A plusieurs reprises, dans le cours de cet entretien, qui n’a cessé d’être confiant et même fraternel, Messali Hadj a déploré la froide indifférence de certains Français pour les problèmes nord-africains, l’ignorance de nombreux travailleurs métropolitains à l’égard des questions algériennes. Nous l’assurons cependant de la compréhension du peuple de France. Notre interlocuteur ne la sous-estime nullement :
– Je sais que nous avons de nombreux amis en France, et, précisément, c’est le rôle de l’émigration algérienne en ce pays d’expliquer la situation des peuples colonisés. A Creil, en août 1951, nous avons précisé que cette émigration devait être « un balcon ouvert d’où le peuple algérien pouvait s’adresser au peuple français ». Si, aujourd’hui, beaucoup de gens comprennent, ici, le sens de notre lutte, c’est en bonne partie parce que les travailleurs algériens les ont suffisamment informés.

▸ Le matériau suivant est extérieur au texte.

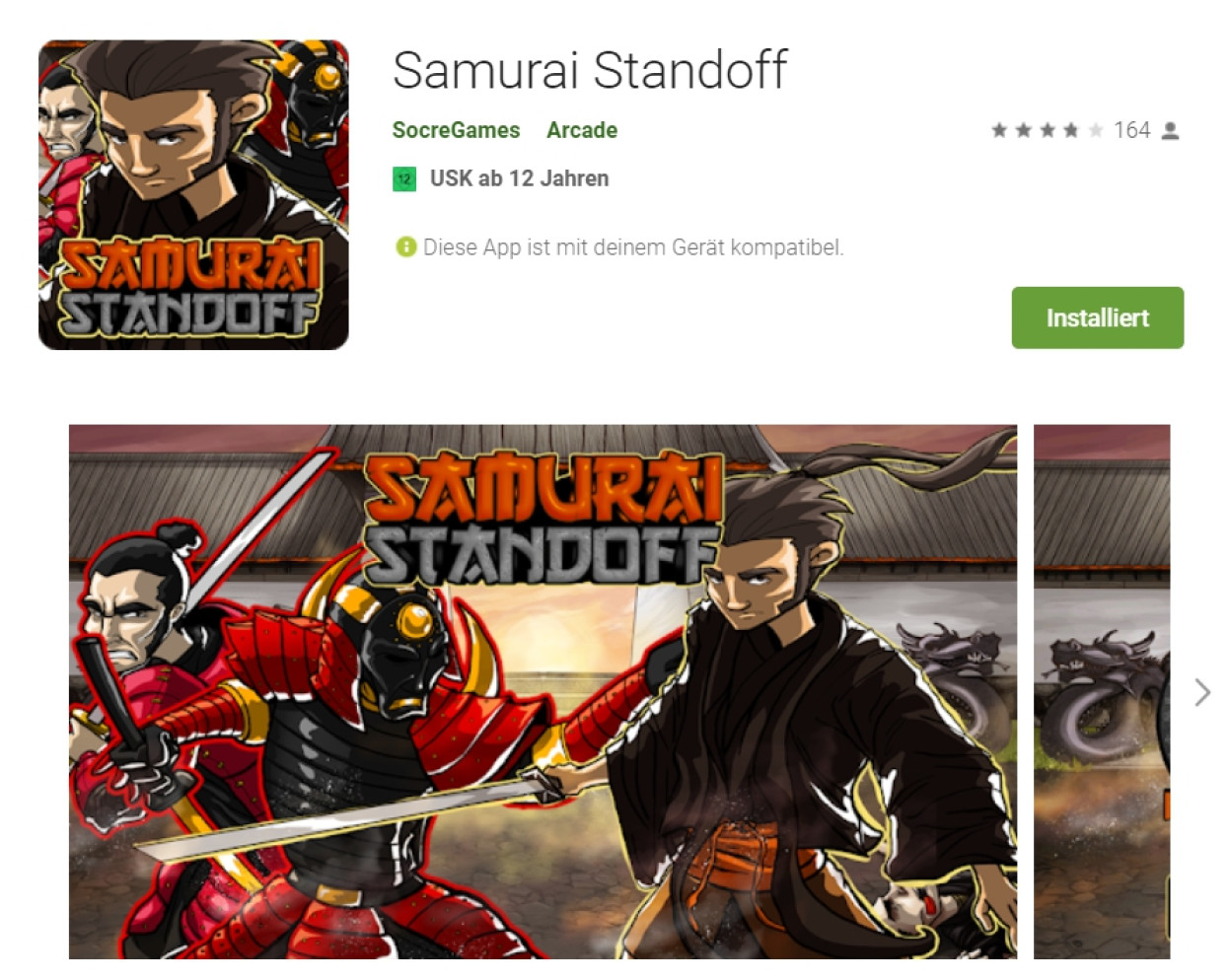 Samurai Standoff Google Playstore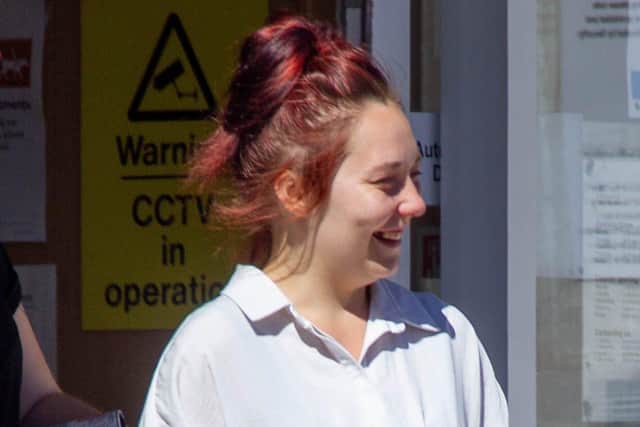 Shannon Osborne, 23, care of Richard Grove, Elson, Gosport, admitted theft and fraud taking hundreds of pounds from an elderly woman after she appeared at Portsmouth Magistrates' Court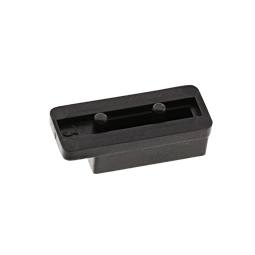 push button, black,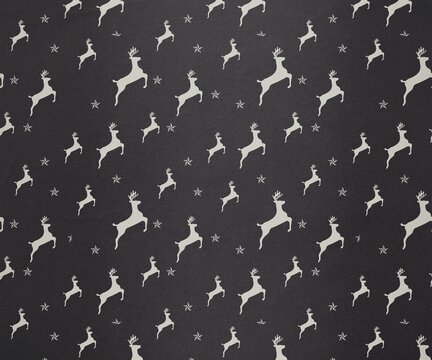 Fototapeta Digitally generated Grey reindeer pattern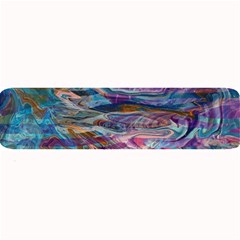 Abstarct Cobalt Waves Large Bar Mat by kaleidomarblingart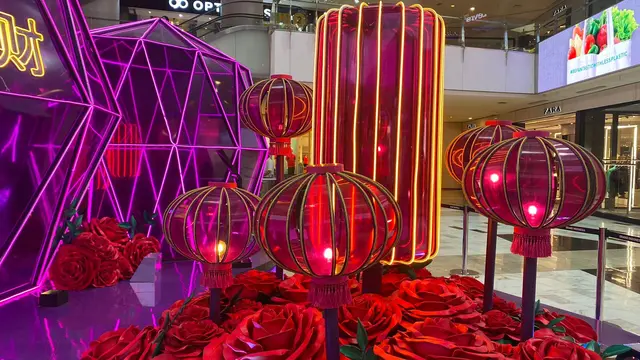 Imlek di Grand Indonesia bisa photobooth sekaligus dapat angpau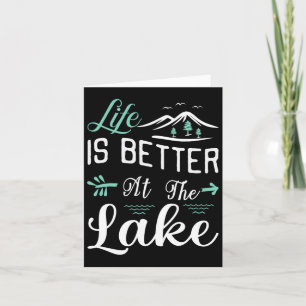 Carte La Vie Est Meilleure Au Lac Pontoon Voilier Et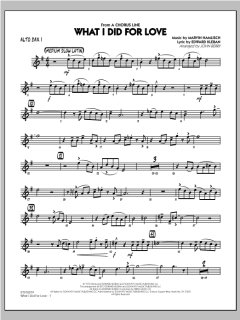 What I Did For Love von Marvin Hamlisch (Download) 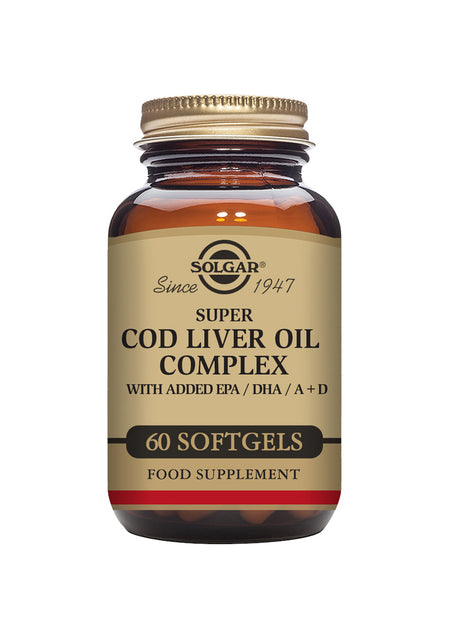 Solgar® Super Cod Liver Oil Complex Softgels - Pack of 60 - Greenlands Health Store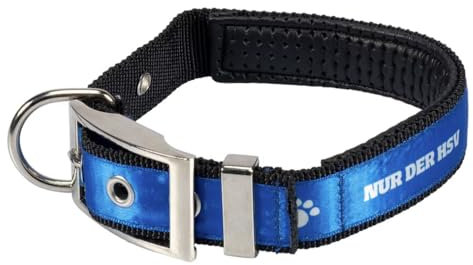 HSV Hundehalsband (30-45 cm, Blau, Medium, Large Hund)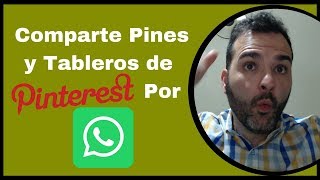 Comparte Pines y Tableros de Pinterest Por WhatsApp  TRUCOS [upl. by Nifled]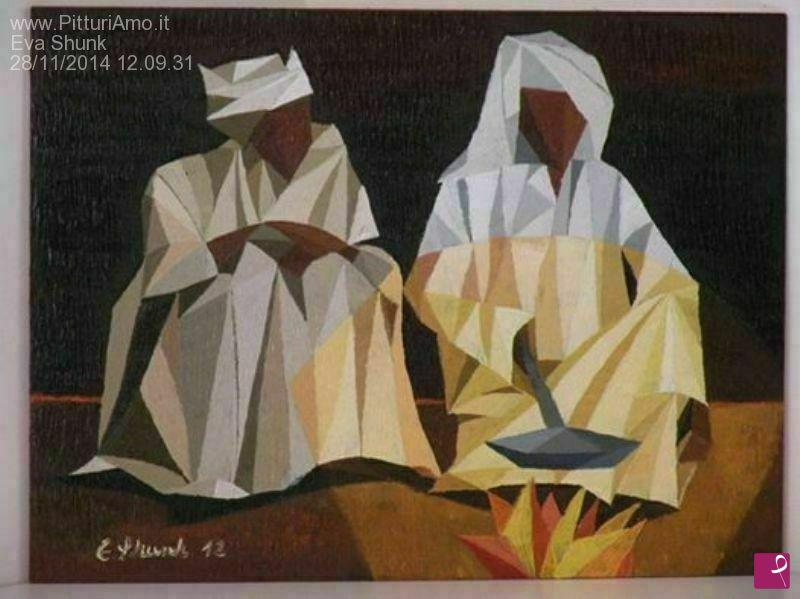 quadri in vendita online - Sosta nel deserto
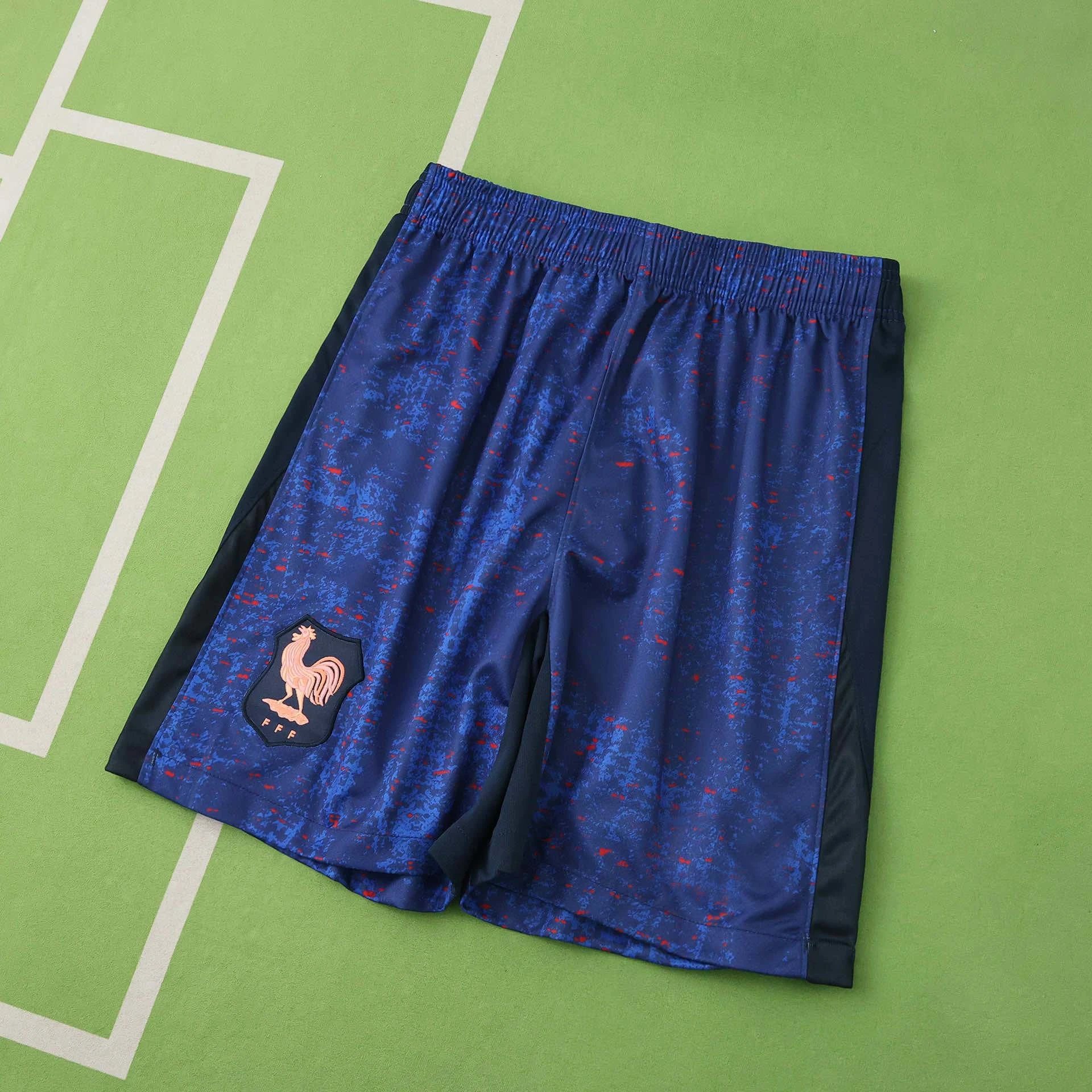 France Blue Soccer Shorts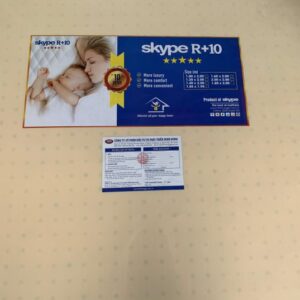 Nệm Cao Su Thông Hơi Skype R+10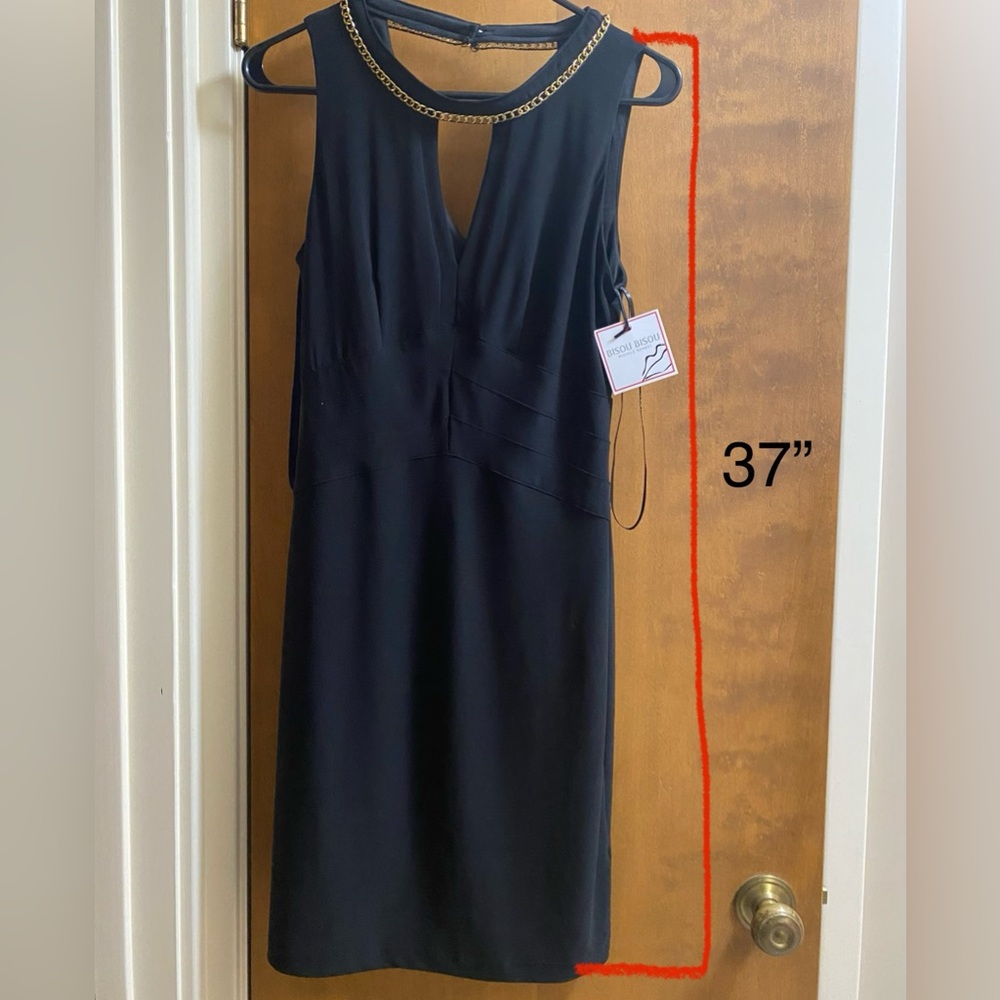 Black v-neck dress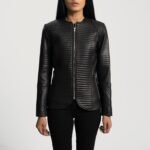 Nexi Quilted Black Leather Jacket - Image 4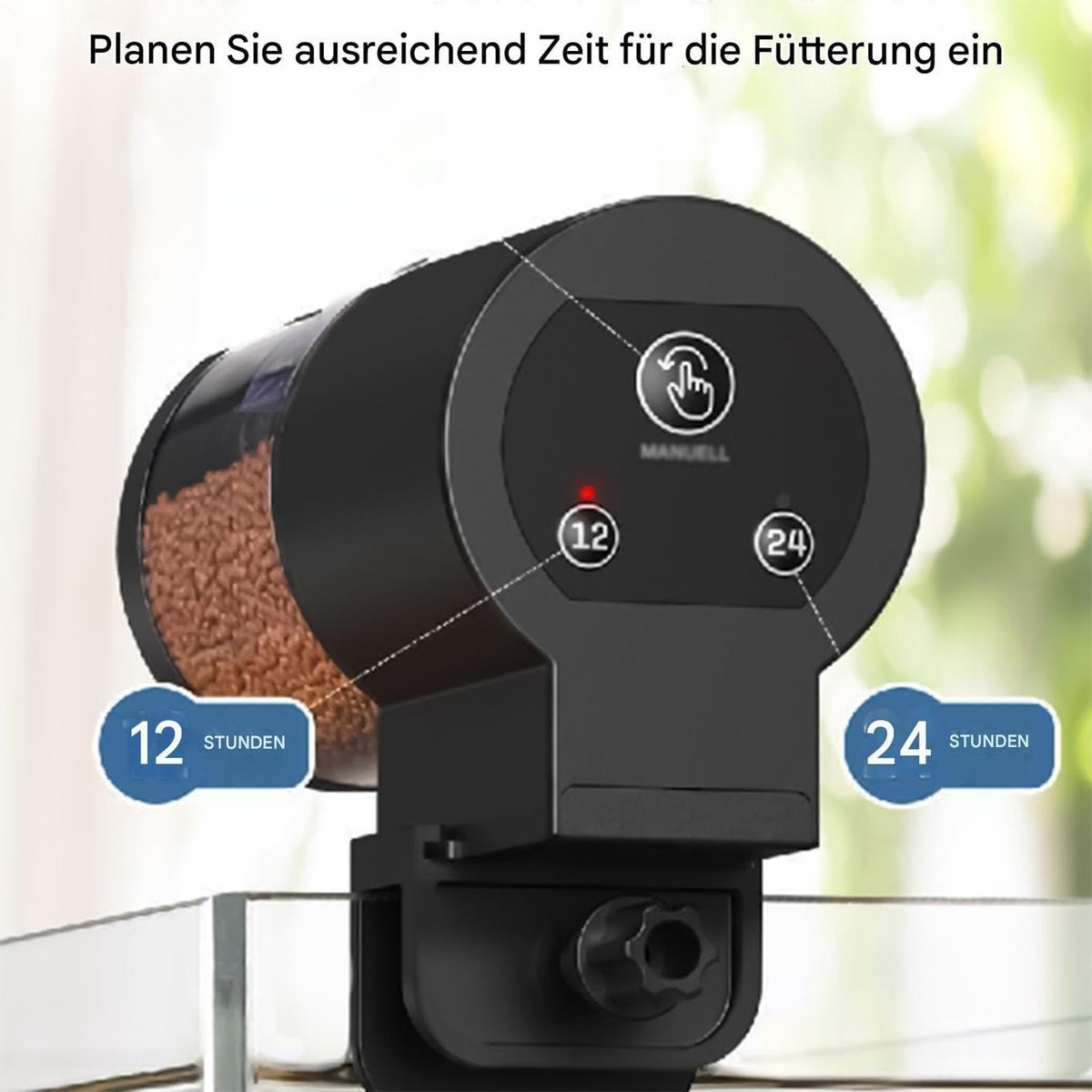 Automatische Voederautomaat - 100ml - Automatische visvoederautomaat - Visvoerdispenser met Timer - Automatische vissenvoerder - Aquariumvoederautomaat - Vochtbestendige - Vissen Visvoer Voer Automaat - voor koi, betta's, guppy's en schildpadden thumbnail 2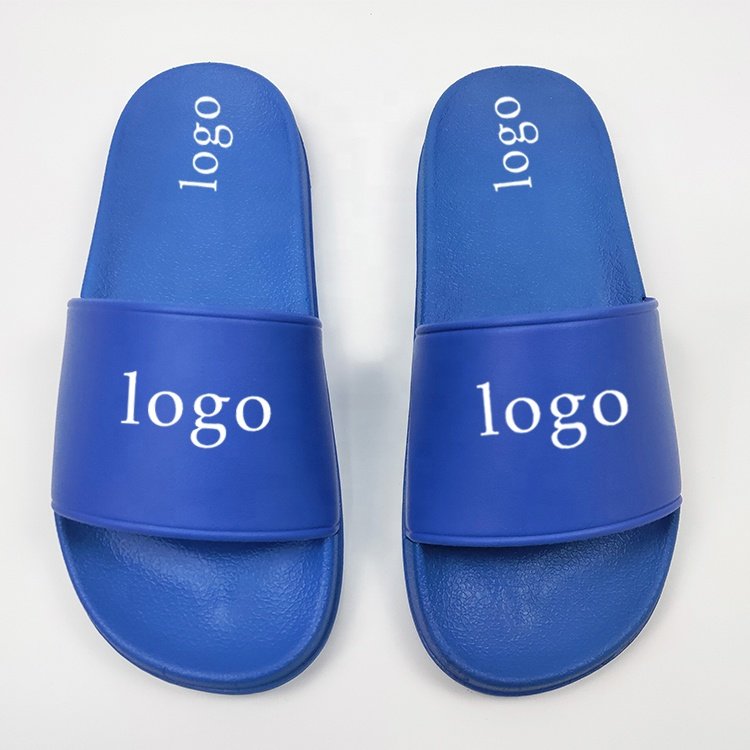 Custom Unisex Slides Slippers Oem,Custom Men's Slides Sandal Slippers With Logo,Oem Summer Slipper Mens Pvc Blank Slide Sandals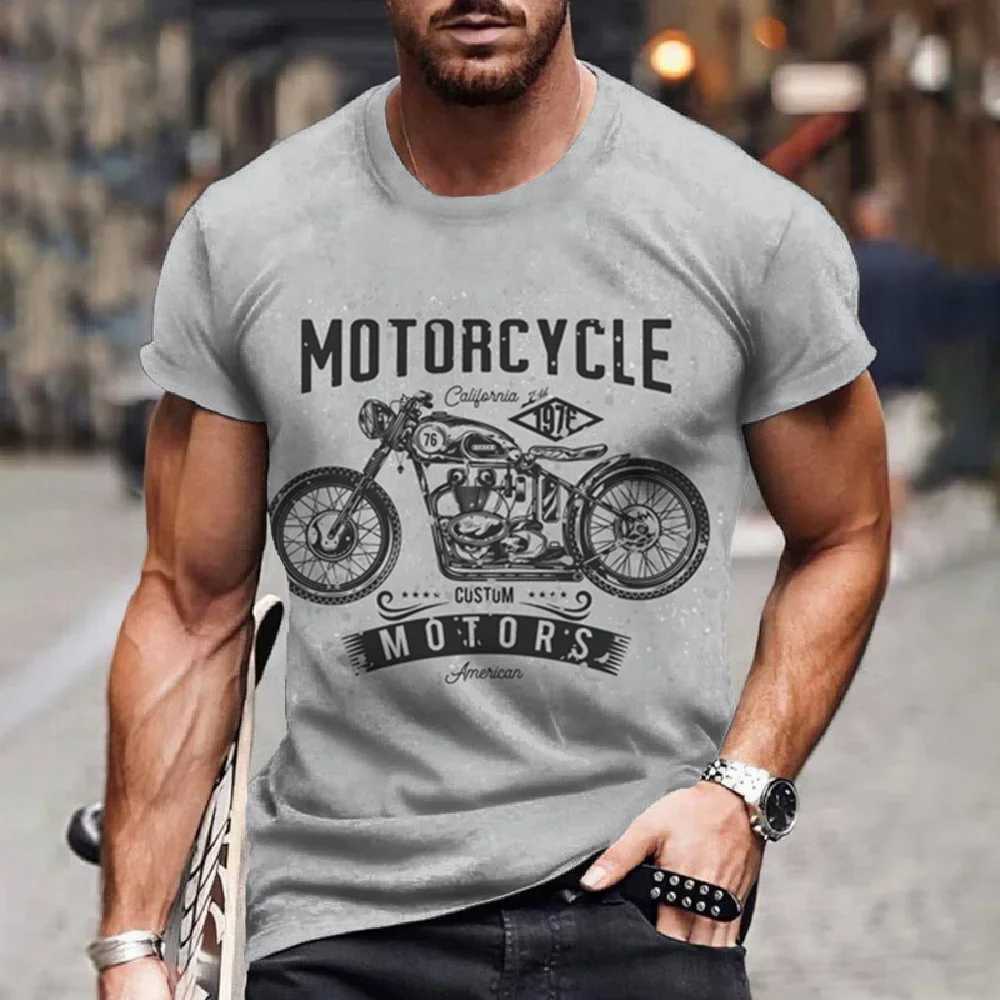 2023 mens T-shirt 3D retro printed short sleeved top retro oil mens motorcycle T-shirt casual oversized T-shirt W250317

Ce n’est encore qu’une poignée d’amis que nous possédons en France, elle doit s’étendre. Je suis très reconnaissant aux travailleurs parisiens qui nous ont conseillés. Le mouvement national est né en cette ville, Paris, je ne peux l’oublier. Nous avons contracté une dette envers le peuple français. Je l’ai dit en Algérie, à cette génération montante, qui aura contact avec ce peuple.
Ces derniers mots ont été dits avec une sorte de ferveur ; Messali Hadj fait confiance à l’Homme et le veut sauver des périls qui le menacent. En vérité, il reste fidèle, en ses démarches politiques, aux plus hautes aspirations de l’humanisme musulman. Il se recueille un instant, notre entrevue va finir.
– Oui, l’Islam, c’est la libération totale de l’homme.
– Mais c’est la soumission à Dieu ?
– A Dieu, oui ! Mais Dieu, ce n’est pas l’impérialisme.